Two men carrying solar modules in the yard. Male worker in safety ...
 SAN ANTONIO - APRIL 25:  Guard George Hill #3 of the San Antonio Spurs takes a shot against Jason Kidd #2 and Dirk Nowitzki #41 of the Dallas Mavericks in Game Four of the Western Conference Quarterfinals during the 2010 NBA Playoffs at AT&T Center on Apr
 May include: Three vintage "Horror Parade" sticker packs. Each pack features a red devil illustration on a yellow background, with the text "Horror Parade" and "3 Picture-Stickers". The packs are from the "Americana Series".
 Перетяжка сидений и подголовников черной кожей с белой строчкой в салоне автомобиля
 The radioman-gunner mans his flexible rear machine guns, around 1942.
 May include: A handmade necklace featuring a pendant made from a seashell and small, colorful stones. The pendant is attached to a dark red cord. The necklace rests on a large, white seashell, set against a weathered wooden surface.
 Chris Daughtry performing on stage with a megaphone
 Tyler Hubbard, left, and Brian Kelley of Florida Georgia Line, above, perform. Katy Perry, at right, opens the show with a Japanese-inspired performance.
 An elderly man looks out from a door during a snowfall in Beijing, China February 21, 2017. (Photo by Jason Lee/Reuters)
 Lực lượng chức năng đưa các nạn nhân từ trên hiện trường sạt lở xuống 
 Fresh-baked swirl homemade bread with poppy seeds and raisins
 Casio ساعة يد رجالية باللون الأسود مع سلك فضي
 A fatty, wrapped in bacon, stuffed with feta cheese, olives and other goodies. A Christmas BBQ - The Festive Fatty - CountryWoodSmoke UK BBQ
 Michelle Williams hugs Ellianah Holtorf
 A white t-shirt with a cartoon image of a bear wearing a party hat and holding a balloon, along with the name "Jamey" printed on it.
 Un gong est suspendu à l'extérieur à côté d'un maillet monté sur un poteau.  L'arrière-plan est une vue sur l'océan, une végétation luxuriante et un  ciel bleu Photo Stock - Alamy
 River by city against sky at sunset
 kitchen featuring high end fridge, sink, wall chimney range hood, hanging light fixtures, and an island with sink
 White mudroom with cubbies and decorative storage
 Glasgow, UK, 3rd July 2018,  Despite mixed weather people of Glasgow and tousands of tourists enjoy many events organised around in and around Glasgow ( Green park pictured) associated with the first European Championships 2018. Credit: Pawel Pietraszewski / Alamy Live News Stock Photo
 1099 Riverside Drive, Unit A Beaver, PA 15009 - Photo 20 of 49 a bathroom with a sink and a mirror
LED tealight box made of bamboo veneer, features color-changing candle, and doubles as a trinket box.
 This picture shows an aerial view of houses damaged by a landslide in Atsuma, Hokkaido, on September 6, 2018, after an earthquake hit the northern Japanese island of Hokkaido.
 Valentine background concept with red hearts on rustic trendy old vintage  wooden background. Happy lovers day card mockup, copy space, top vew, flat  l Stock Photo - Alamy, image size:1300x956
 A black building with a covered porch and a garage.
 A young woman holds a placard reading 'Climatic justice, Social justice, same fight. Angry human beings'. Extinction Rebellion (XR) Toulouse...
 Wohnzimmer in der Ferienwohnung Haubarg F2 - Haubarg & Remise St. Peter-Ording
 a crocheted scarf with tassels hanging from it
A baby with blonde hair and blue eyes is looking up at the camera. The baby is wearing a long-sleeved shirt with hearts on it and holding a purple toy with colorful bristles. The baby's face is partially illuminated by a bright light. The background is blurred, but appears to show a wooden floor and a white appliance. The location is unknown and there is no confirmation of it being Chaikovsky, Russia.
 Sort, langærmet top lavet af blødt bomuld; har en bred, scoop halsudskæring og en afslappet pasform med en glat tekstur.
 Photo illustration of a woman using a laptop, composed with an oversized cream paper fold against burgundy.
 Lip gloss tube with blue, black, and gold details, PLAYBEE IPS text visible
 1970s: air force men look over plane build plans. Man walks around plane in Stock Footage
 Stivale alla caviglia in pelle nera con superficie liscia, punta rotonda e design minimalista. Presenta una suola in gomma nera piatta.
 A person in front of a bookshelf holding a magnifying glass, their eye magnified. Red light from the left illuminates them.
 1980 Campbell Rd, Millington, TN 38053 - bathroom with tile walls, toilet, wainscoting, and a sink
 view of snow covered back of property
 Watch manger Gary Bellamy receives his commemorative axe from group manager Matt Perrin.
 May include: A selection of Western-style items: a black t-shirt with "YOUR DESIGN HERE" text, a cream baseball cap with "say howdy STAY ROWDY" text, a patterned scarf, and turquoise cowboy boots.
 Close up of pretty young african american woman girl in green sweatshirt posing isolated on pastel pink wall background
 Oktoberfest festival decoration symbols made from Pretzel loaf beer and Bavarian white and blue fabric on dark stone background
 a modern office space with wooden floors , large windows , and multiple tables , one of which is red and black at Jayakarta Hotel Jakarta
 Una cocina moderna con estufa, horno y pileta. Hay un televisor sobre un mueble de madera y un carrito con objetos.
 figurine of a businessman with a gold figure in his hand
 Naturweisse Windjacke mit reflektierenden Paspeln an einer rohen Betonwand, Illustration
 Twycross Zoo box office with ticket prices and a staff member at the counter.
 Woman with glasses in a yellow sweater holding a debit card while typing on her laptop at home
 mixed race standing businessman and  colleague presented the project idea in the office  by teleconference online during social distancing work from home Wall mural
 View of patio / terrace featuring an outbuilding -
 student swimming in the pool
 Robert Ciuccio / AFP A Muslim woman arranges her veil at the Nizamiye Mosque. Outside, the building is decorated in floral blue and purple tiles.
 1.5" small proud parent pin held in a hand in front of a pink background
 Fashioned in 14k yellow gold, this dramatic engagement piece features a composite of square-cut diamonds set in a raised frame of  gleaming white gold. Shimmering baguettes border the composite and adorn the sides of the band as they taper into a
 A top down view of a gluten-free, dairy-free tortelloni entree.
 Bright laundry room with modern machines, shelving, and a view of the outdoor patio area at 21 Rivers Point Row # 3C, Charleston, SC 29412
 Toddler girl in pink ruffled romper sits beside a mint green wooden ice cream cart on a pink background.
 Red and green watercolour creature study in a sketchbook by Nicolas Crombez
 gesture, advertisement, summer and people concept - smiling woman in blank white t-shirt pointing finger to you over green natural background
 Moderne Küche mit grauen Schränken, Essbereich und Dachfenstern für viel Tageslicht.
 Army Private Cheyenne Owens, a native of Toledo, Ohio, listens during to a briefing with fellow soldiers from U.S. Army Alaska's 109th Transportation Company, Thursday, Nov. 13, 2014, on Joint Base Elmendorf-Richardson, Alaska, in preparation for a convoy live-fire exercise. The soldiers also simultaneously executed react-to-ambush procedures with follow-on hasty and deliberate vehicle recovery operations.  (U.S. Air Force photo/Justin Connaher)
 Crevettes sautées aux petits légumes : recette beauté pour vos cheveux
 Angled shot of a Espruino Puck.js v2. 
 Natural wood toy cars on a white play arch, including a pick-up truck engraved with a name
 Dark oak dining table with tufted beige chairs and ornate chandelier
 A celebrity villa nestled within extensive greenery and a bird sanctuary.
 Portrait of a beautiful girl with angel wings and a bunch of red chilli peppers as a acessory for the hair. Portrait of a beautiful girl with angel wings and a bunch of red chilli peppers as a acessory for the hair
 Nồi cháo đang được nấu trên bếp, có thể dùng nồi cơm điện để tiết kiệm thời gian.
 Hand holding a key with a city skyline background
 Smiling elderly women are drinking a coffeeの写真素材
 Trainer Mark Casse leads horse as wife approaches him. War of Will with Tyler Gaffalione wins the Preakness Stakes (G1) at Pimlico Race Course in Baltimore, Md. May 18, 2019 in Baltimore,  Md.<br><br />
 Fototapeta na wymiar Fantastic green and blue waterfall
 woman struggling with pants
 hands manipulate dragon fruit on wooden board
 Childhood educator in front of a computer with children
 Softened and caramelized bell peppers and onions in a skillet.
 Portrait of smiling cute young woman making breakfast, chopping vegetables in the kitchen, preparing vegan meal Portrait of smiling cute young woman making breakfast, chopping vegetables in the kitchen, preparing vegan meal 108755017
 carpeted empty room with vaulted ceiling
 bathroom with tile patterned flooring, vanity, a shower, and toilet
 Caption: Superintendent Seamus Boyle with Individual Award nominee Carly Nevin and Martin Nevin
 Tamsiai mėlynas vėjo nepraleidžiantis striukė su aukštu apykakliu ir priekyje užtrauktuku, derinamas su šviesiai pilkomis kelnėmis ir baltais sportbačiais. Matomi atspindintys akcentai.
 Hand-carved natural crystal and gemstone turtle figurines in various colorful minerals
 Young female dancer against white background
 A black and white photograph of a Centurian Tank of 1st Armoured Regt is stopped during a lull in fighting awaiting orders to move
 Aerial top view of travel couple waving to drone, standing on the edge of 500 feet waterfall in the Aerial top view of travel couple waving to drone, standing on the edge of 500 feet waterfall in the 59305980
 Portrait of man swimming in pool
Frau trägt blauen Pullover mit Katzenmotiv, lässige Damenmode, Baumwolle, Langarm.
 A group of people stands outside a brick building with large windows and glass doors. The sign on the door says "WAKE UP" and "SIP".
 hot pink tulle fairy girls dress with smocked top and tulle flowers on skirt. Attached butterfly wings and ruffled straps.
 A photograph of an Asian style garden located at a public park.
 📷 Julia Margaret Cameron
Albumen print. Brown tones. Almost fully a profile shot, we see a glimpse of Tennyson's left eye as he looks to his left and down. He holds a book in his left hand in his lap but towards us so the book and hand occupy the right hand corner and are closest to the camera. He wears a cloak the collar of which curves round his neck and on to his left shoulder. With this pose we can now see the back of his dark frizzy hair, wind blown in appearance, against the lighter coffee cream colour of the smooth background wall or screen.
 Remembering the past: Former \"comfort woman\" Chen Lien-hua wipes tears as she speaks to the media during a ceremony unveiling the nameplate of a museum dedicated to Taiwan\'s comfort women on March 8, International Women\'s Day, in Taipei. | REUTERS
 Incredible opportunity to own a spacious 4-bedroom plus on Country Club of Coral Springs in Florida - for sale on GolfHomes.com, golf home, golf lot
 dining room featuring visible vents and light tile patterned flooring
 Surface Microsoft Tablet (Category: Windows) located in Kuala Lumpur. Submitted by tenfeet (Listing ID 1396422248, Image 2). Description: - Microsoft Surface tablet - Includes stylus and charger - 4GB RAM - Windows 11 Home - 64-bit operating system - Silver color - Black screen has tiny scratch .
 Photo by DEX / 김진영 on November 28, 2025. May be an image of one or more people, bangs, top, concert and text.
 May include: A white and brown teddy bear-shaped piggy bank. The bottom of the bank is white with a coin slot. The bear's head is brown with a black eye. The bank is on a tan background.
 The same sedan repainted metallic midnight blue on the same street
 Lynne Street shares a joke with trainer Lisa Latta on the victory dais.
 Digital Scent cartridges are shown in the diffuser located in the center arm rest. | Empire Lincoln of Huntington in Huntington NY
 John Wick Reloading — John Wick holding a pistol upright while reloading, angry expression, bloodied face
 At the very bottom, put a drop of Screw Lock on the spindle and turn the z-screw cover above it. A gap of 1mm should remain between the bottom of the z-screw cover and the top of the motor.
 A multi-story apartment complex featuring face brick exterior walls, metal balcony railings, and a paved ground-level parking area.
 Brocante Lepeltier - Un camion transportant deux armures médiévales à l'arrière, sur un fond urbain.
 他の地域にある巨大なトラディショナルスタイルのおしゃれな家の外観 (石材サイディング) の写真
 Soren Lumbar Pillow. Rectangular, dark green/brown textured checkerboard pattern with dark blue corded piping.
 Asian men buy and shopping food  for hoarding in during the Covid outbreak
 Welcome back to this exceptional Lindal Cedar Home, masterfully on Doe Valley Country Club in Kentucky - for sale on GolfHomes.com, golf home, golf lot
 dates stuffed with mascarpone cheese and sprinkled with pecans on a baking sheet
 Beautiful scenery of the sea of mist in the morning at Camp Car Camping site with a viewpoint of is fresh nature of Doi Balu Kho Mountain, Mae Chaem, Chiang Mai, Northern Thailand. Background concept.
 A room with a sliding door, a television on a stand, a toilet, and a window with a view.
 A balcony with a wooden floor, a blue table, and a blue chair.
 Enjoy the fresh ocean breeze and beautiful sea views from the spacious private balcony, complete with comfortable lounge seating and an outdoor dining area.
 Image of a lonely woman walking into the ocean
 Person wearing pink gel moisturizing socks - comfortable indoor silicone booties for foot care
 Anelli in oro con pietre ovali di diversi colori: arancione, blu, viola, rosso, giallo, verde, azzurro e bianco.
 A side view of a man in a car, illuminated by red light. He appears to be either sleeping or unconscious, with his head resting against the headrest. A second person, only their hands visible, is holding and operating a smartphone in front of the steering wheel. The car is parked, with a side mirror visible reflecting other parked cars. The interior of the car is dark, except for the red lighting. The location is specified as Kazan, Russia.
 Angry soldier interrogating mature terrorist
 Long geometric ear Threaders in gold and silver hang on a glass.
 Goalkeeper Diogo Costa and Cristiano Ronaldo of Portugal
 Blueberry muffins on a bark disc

— TASK REQUIREMENTS —
Using the records above, restate word for word the lines from the one with "Watch manger Gary" through the one with "Oktoberfest festival decoration", both included.

— TASK ANSWER —
 Watch manger Gary Bellamy receives his commemorative axe from group manager Matt Perrin.
 May include: A selection of Western-style items: a black t-shirt with "YOUR DESIGN HERE" text, a cream baseball cap with "say howdy STAY ROWDY" text, a patterned scarf, and turquoise cowboy boots.
 Close up of pretty young african american woman girl in green sweatshirt posing isolated on pastel pink wall background
 Oktoberfest festival decoration symbols made from Pretzel loaf beer and Bavarian white and blue fabric on dark stone background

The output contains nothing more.